AEM031 I'm Not a Band

When a band decides to call itself I’m Not a Band, it’s kind of like a bear coming out of the woods and saying “I’m not a bear.” The first thing you think is, “Yeah right, prove it.” Then the next thing you think is, “Holy shit! That bear just talked!” So in this case, when some German guy with a synthesizer and a violin and a pretty lady on vocals tell you that they’re not a band, try and suppress that gut instinct that, well, they look like a band, and sound like a band, and, who knows, probably smell like a band, and focus instead on the less obvious point: Why are they telling me anything at all? To this question, I think, there is always only one answer: they have something to hide.

Electronic music does interesting things to people’s identities. Perhaps it’s something about sheer incomprehensibility of the racks of ridiculous machinery covered in knobs and screens and buttons that most DJs carry around: as Tom Waits said, “What’s he building in there?” While not everyone may be able play guitar or drums, at least most people understand how those instruments work: bang on this, hit these strings with a pick, let’s move on.

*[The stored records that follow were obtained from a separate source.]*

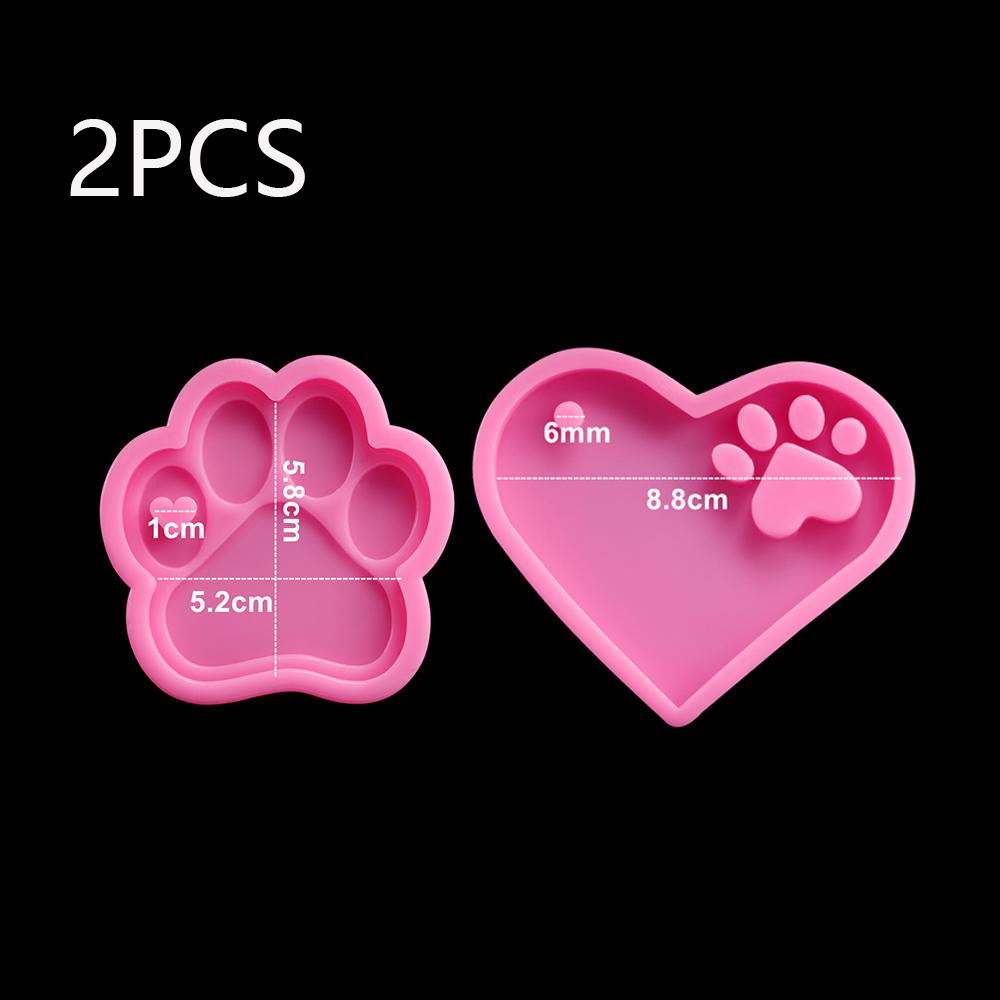 Cat Bear Paw Dog Bone Tag Pendants Silicone Mold Heart MP3 Keychain Epoxy Resin Molds For DIY Jewelry Handmade Craft Making Tool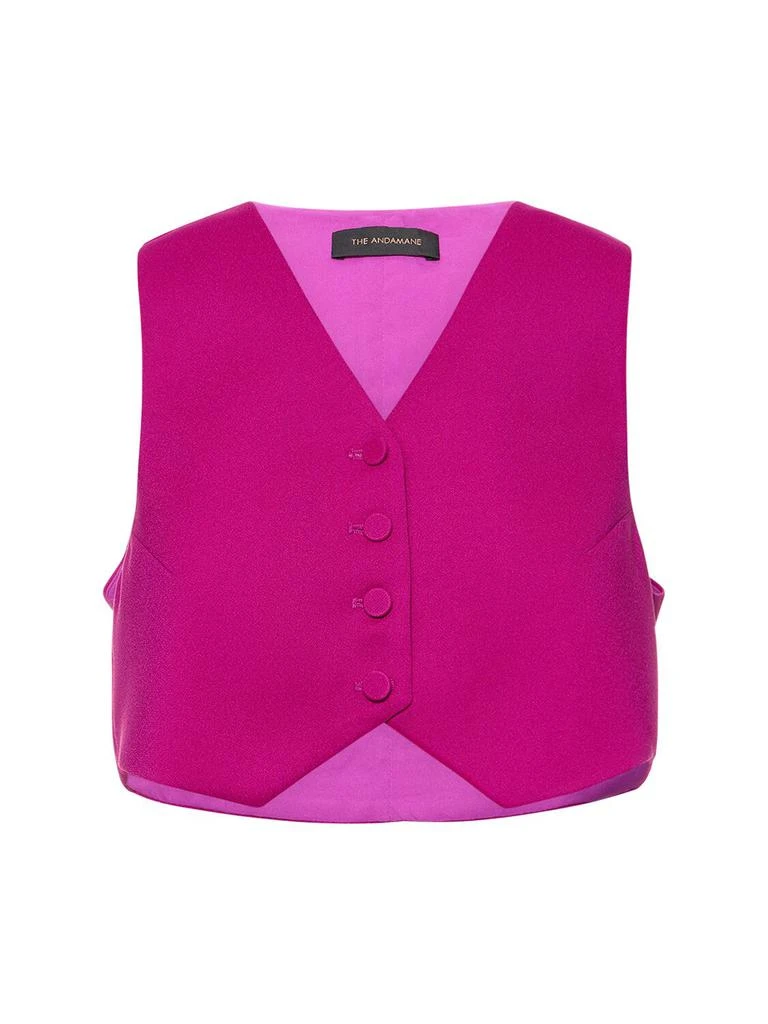 THE ANDAMANE Nadine Cropped Crepe Satin Vest 1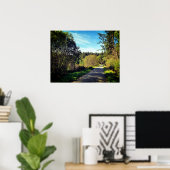 Bosbomen langs het looppad Prachtige dag Poste Poster (Thuiskantoor)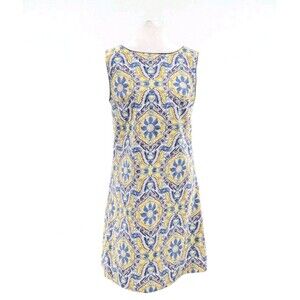 Betsey Johnson Yellow Blue Boat Neck Sleeveless Knee Length Shift Dress Size 8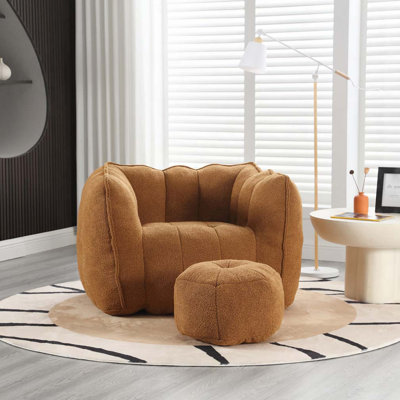 Fauteuil à billes avec repose-pieds en chenille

But unlike bands that futz around on standard hardware, electronic musicians tend to cloak their technique in all kinds of secrecy to the point where alienation from the process of musical production becomes both point of the style and its barometer for coolness. Have you ever seen anyone do an air-ADSR-envelope-tweak? No, because a) it would look idiotic, and b) who the fuck knows what an ADSR envelope is? I’m Not a Band, on the other hand, whose sweet brand of blippy/bloopy electropop certainly qualifies, at least in theory, for the electronica cloak-of-mystery, decides instead to turn up the TMI envelope.

So here’s the story. Stephan J. is born to a pair of professional German musicians and is subsequently classically trained on violin. In 2005, he moves to England, is wowed by club culture, and switches his primary axe to the laptop. Jana D. joins the project in 2009, and the pair proceed to perform, win a MySpace best-new-band competition, and release some groovy material. Interesting here is not necessarily the bildungsroman of a German violin prodigy transformed into a rampaging techno star by the London’s bright lights and pulsing subwoofers, but the fact that the group wears this cultural cross-over on its sleeve. In a genre where obscuring poses, from Daft Punk’s robot hats, to Crystal Castles blinding strobe light blasts, are the order of the day, I’m Not a Band has opted for something else: transparency. See this violin?, says Stephan, I’m going to play it in an electro band. Hear these complex harmonies and non-conventional song structures and intricate dynamics? Those are there because I’m a classical musician from Germany. There is a stunning honesty to these caveats, and a stunning payoff as well: these two tracks, despite the biography behind them, are big-time stunners.

A-side “Crazy,” strikes a fascinating balance between off-kilter pop somewhere in the vicinity of another violin-toting group, The Raincoats, and the synth-stomp of a less linear Matt and Kim. I’m not exactly sure if this is club music-it may be a bit too jittery for nonstop floor action-but it certainly sets up a cool flipside to IDM-style braindancing. Where “intelligence” in the world of groups like Autechre or Aphex Twin translates into technical difficulty-the programmer’s equivalent of guitar shredding-I’m Not a Band imagines a kind of electro art-pop that engages the higher functions and the amygdala simultaneously. Passages are unpredictable, variations plentiful. Dance smarter, seems to be the message, but still dance.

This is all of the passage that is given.